Il papà moderno, perciò, si trasforma in una figura integratrice ed equilibratrice del rapporto affettivo tra madre e figlio.  Nella madre, infatti, spesso è presente un desiderio di “non crescita” del figlio, una sorta di cordone ombelicale metaforico: il padre, invece, ha il compito di tagliare questo particolare legame, sanare la violenza della separazione dalla madre e accompagnare poi gradualmente il bambino verso l’autonomia.

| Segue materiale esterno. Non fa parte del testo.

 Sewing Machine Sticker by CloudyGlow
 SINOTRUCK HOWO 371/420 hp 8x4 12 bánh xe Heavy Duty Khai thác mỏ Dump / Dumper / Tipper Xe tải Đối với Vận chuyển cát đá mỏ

In psicologia infatti, la madre viene spesso associata al concetto di attaccamento (la mamma porta il bambino in grembo, allatta e trascorre più tempo col neonato), mentre il padre a quello di autonomia (il papà è più proiettato verso l’esterno della famiglia, trascorre meno tempo in casa). L'essenza naturale della paternità allora sembra essere quello di svolgere un garante dell'ex-sistere, dell'uscire fuori, "del separarsi del nascere dalla madre, che catalizza su di sè tutte le profonde emozioni scatenate da questo passaggio che dal concepimento, alla nascita, all'Edipo, all'adolescenza e al passaggio alla vita adulta, segna i progressivi distacchi dal grembo materno" (Montesanti, Sollai, 2000, p. 8).

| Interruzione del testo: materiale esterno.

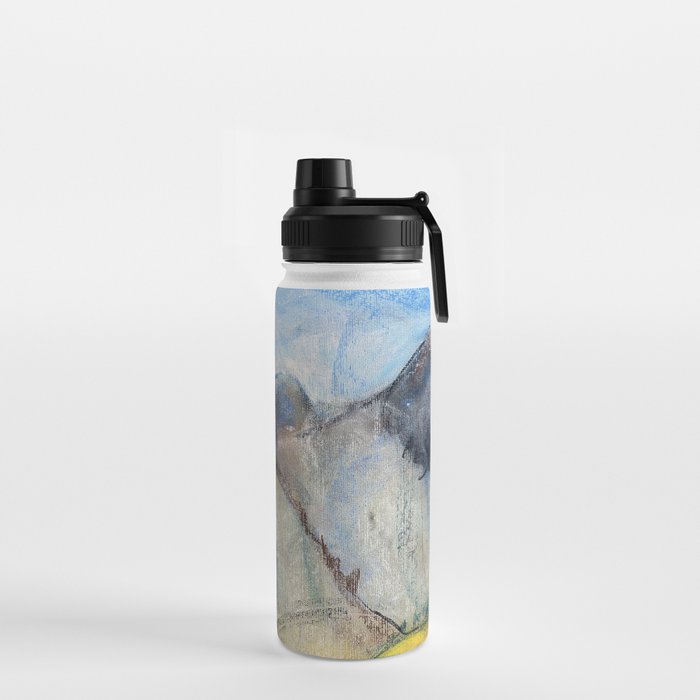 Yosemite Mountain Cliffs Water Bottle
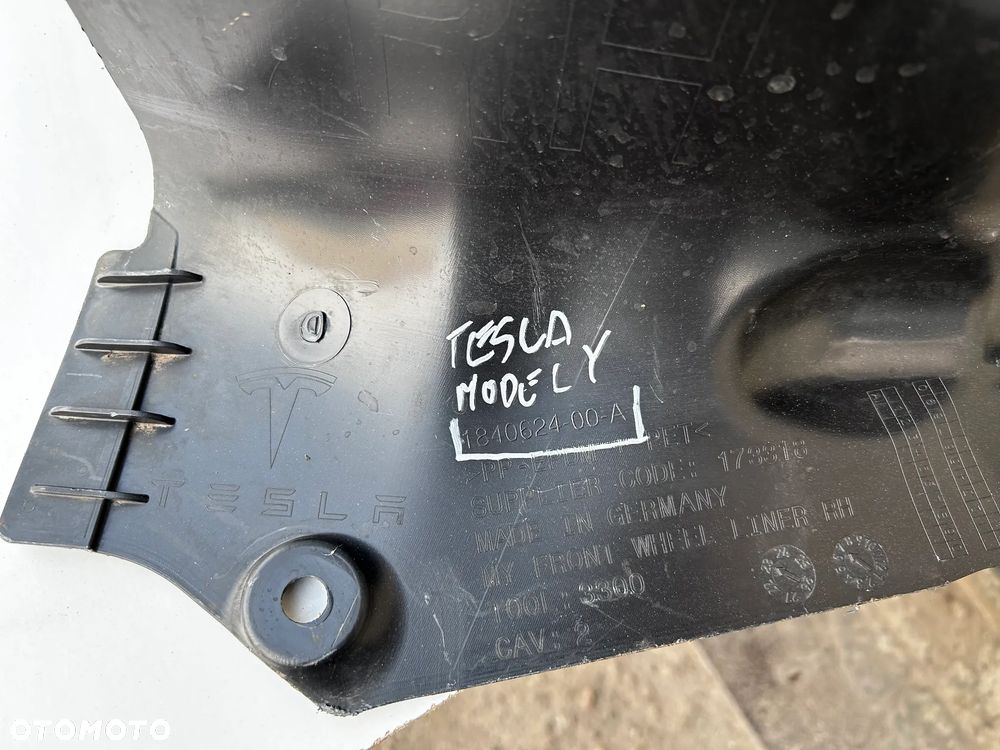 TESLA MODEL Y NADKOLE PRAWY PRZÓD PRAWE PRZEDNIE 184062400 1840624-00-A - 5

Svolgendo un ruolo di sostegno al di fuori della simbiosi madre-figlio, il padre allo stesso tempo offre alla compagna la possibilità di vivere pienamente ed in modo sano la regressione necessaria al suo stato, svolgendo per lei quelle stesse funzioni di contenimento e reverie che quest’ultima svolge nei confronti del neonato e le offre un aggancio alla realtà, facendo da "contenitore" a sua volta. In altre parole il papà incoraggia il figlio ad affrontare le tappe fondamentali che piano piano lo porteranno verso la conquista della propria autonomia e alla costruzione di un modello interno di attaccamento sicuro (Lis, Zennaro, 1998). 

 

I primi passi, le prime parole, l’addio al ciuccio e al pannolino: sono momenti in cui la presenza del padre è importantissima, sia per infondere fiducia nel bambino spronandolo a mettere alla prova le proprie capacità, sia per sostenere la madre, aiutandola ad affrontare i dubbi e le paure derivanti dall’idea che il piccolo sta diventando grande (Oliverio Ferraris, Sarti, Conti, 2001). 

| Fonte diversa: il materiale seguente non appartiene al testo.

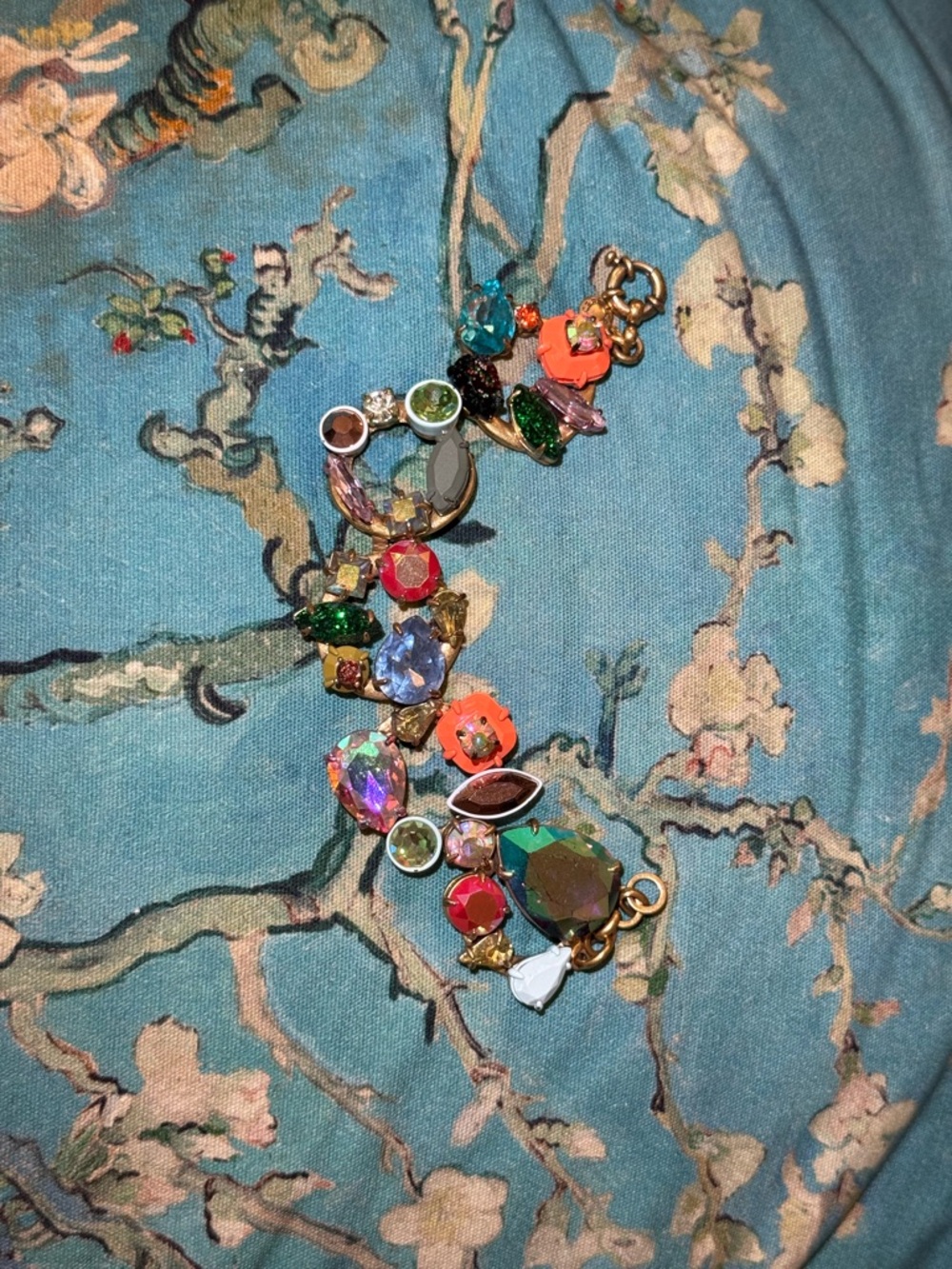 J.Crew multicolor gemstone botanical cluster bracelet - Picture 2 of 3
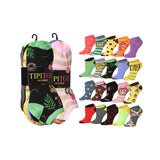 Womens 20 Pack Colorful Vivid Fun Patterned Low Cut/No Show Socks -  Socks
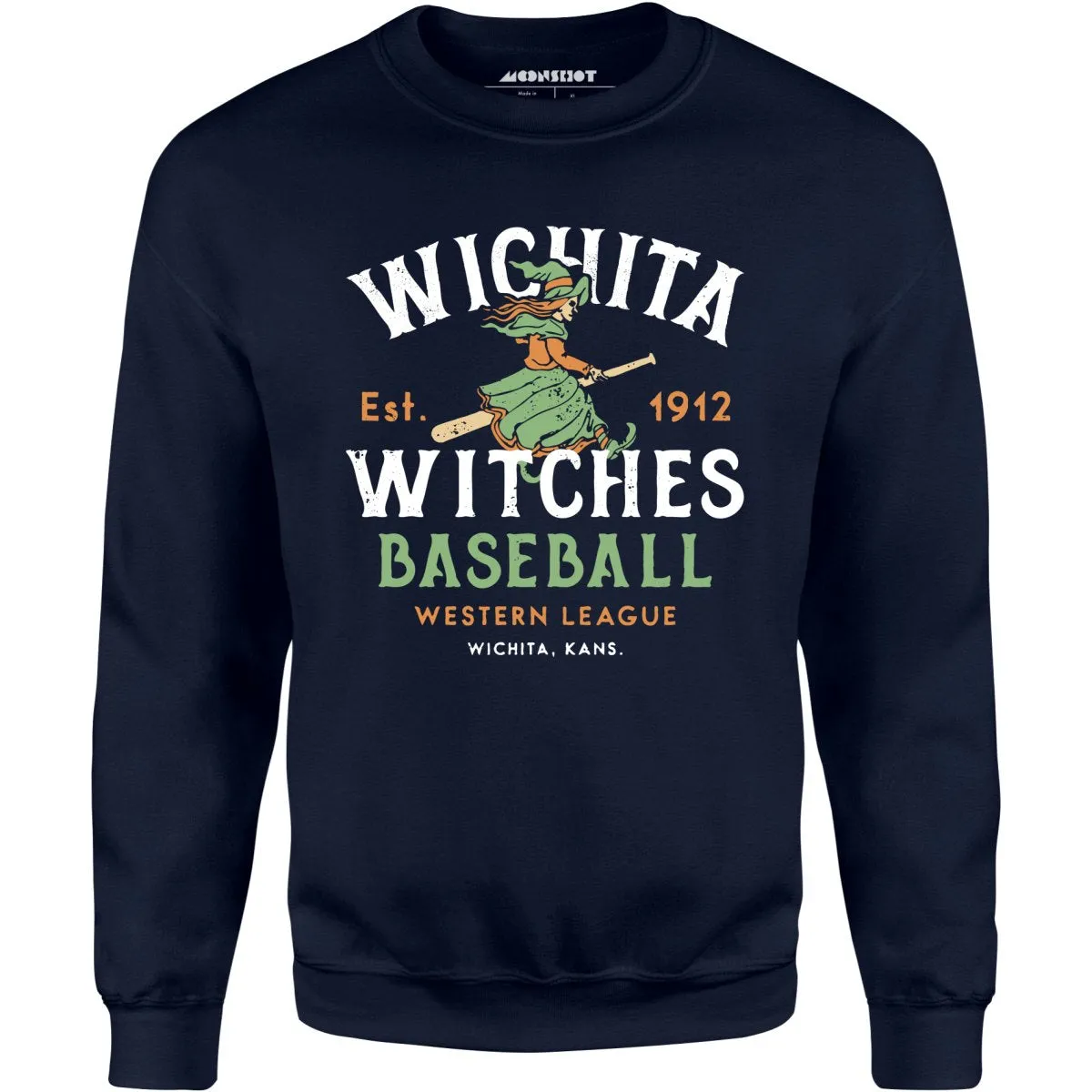 Wichita Witches - Kansas - Vintage Defunct Baseball Teams - Unisex Sweatshirt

Si devono consentire spazi di indipendenza al figlio, fino a metterlo nella condizione in cui ha acquisito tutte quelle competenze che rendano gradualmente la presenza dei genitori sempre meno indispensabile. In altre parole questo porta un inevitabile benessere al bambino che sentirà nella coppia dei genitori una "base sicura" da cui partire per poter diventare autonomo e fiducioso nello scoprire il mondo.